● **What you need to do**: In the records that follow, find the line containing "This elaborate white" and the line containing "women printed three", then transcribe both and every line between them exactly, omitting pictures.

START Supplied records

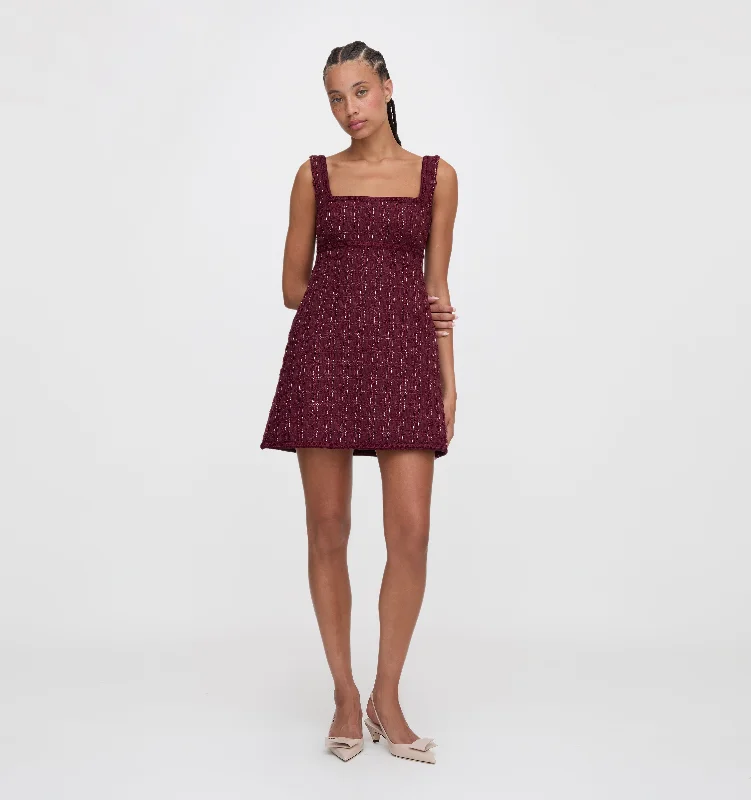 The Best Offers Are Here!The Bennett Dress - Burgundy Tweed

END Supplied records
START Supplied records

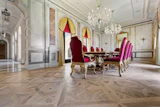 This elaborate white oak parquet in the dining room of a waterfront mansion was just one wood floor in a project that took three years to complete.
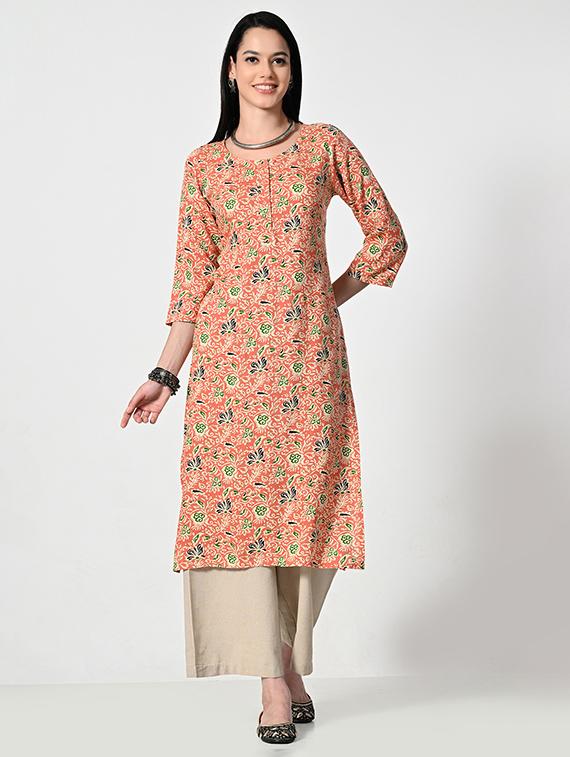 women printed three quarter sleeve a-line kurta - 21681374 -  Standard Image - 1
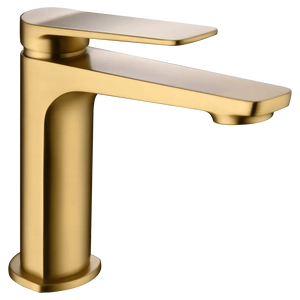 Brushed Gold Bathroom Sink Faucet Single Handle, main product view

END Supplied records

● **Written response**:
 This elaborate white oak parquet in the dining room of a waterfront mansion was just one wood floor in a project that took three years to complete.
 women printed three quarter sleeve a-line kurta - 21681374 -  Standard Image - 1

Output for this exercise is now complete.